VISIBILITE : ADAPTATIONS, GENRES ET SUPPORTS
QUAND LES FRONTIERES DES SUPPORTS ET DES AGES N’EXISTENT PLUS
Une quantité non négligeable de romans pour ados nous parvient des traductions d’auteurs américains, anglosaxons, ou d’auteurs ayant été traduits en anglais avant de l’être en français. Nous avons tendance à l’oublier d’autant plus que de nombreux auteurs américains d’origine asiatique écrivent pour leur communauté, avec des personnages et un univers très communautariste. Ces livres ont commencé à déferler dans les années 2000. Ils ont pris pour étiquette « young adult ». Mais en France les livres pour la jeunesse sont protégés par une loi très claire en ce qui concerne le contenu des romans. En librairie, comme dans les bibliothèques, ce sont donc essentiellement des livres édités dans des collections pour la jeunesse qui sont proposés, ce qui est fort dommage puisque de nombreux romans de collections « adultes » peuvent convenir aux ados. A Paris les bibliothécaires analysant les romans pour ados le font sur la base de l’édition pour la jeunesse.
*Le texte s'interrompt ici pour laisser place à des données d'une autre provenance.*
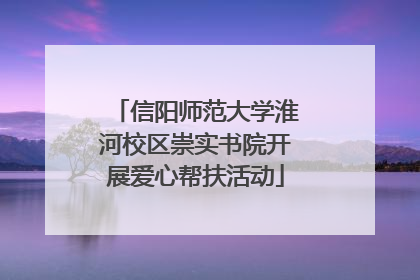 信阳师范大学淮河校区崇实书院开展爱心帮扶活动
Seuls des livres de SF, fantazy non ciblés par une étiquette d’âge parviennent à se glisser sur les rayonnages dits pour ados.
La culture woke américaine débarque aussi en France, imposant des sujets jusque là tabous dans la littérature jeunesse. Le manga déferlant, la culture niponne arrive avec ses jeunes filles naïves aux formes généreuses et autres personnages à l’identité plutôt floue. La culture coréenne devient à la mode et les romans de k-pop suivent.
Ainsi, que ce soit par la litérature communautaire américaine, le manga ou le roman de k-pop, les personnages et histoires asiatiques ne manquent pas.
Ce qui change notre regard sur le monde asiatique, c’est aussi l’adaptation des romans en film, puis, petit à petit, les adaptations de manga en animé, puis les nouvelles pratiques de lectures qui font que le roman n’est plus forcément le texte initial : le manga s’adapte en roman, le roman en animé et inversement ; le webtoon impose une nouvelle consommation d’histoires et les supports évoluent.
Les personnages asiatiques sont d’autant plus visibles qu’ils aparaissent physiquement et non plus par des mots.
ADO, YOUNG ADULT, ADULESCENT… LES FRONTIERES DE LA JEUNESSE ET VISIBILITE ASIATIQUE
Les romans dits pour « ados » sont de plus en plus lus par les adultes. Ce n’est pas nouveau : les adaptations de romans en film ont fait connaître aux adultes des séries pour la jeunesse : « Harry Potter », « Divergeante », « Twilight », « Le labyrinthe » par exemple. « Harry Potter » est un cas un peu à part puisque l’écriture, la complexité de l’intrigue évolue à chaque volume : comme les personnages, les lecteurs, grandissent avec Harry.
Nous constatons deux faits :
- Le roman laisse la liberté au jeune lecteur de s’imaginer avec ses acquis, ses connaissances, son âge, la violence, la psychologie des personnages. Il peut aussi s’identifier aux personnages. L’adaptation en film, plus réel, impose des personnages construits, matures, physiquement et intellectuellement et la violence devient plus réelle. La mort, la sexualité sont plus « adultes ».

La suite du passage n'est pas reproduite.